Is it possible to distribute a device driver in a snap package? For example, if the snap package will contain a module for the kernel?


#2

No I don’t believe that would be possible. A snap is self-contained within the “snap” script itself. You might be able to accomplish this by using the snap as a sort of update manager and download a separate script to run externally.


#3

Maybe I’m wrong, but I think it is possible to do.
This would simplify the distribution of drivers, for example for graphics cards.


#4

Unless the driver is a user space driver that wouldn’t be possible as Linux kernel don’t maintain In-kernel APIs.


#5

Stop, explain to me then what is the difference between the installation, for example, of the amdgpu-pro from the larger set of DEB packages, in which there are libraries and modules that are connected to the kernel, and if this is running from the snap package?


#6

The graphics driver consists of both user space and kernel space components, the kernel space component’s compatibility of the amdgpu-pro driver also subject to the in-kernel APIs.


#7

With the AMDGPU Pro drivers they utilize the same in-kernel code as the open source AMD drivers which expose an api that AMD can rely to be consistent.

Related drivers from nVidia are compiled on every system a user installs them onto. They are subsequently recompiled for every kernel that is installed thereafter. This compilation happens on the user’s machine not the repository builders.

The mechanism that nVidia drivers use on Debian derivative distributions is called DKMS.

Drivers that are shipped with a kernel are tied explicitly to the kernel they shipped with so they are compiled at the same time, which is partly why their source is maintained as part of the kernel tree.

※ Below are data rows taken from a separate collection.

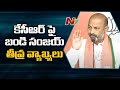 Bandi Sanjay Press Meet On Minister Etela Land Grabbing Allegations, Slams TRS Govt l Ntv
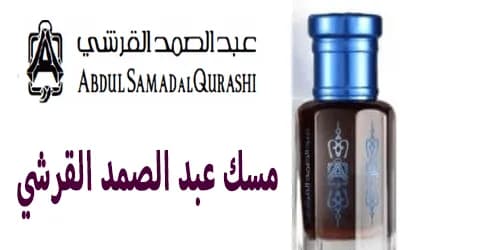 مسك عبد الصمد القرشي أفضل 5 منتجات مسك وكيف تخفض السعر 70%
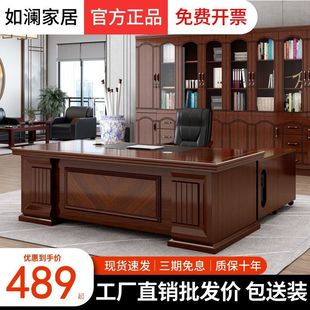 Simple Desk Boss Desk President Desk Manager Desk Director Executive Desk Single Office Desk and Chair Combination Furniture
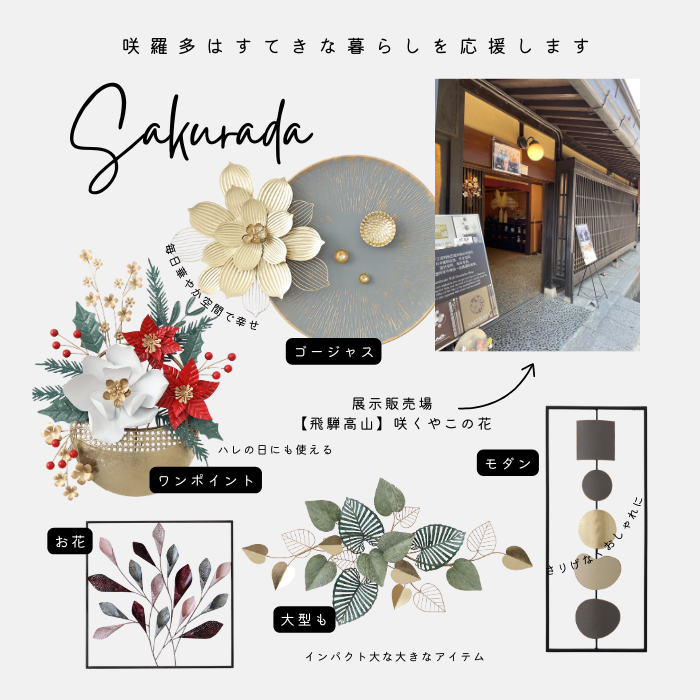 S266|アイアン壁飾り・風になびくリーフと淡いブルーの大人ナチュラルデザイン【SAKURADA】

The other reason being simplicity for development and distribution.


#8

Do you have plans to implement work with DKMS in snapd?


#9

DKMS is not related as it is simply a mechanism that rebuilds the kernel module during kernel upgrades, if the kernel module isn’t compatible in the first place it won’t work.

Proprietary drivers can be built with a wider range of kernel versions is the result of the conditional building against each of the supported in-kernel APIs and will still break with exotic kernels.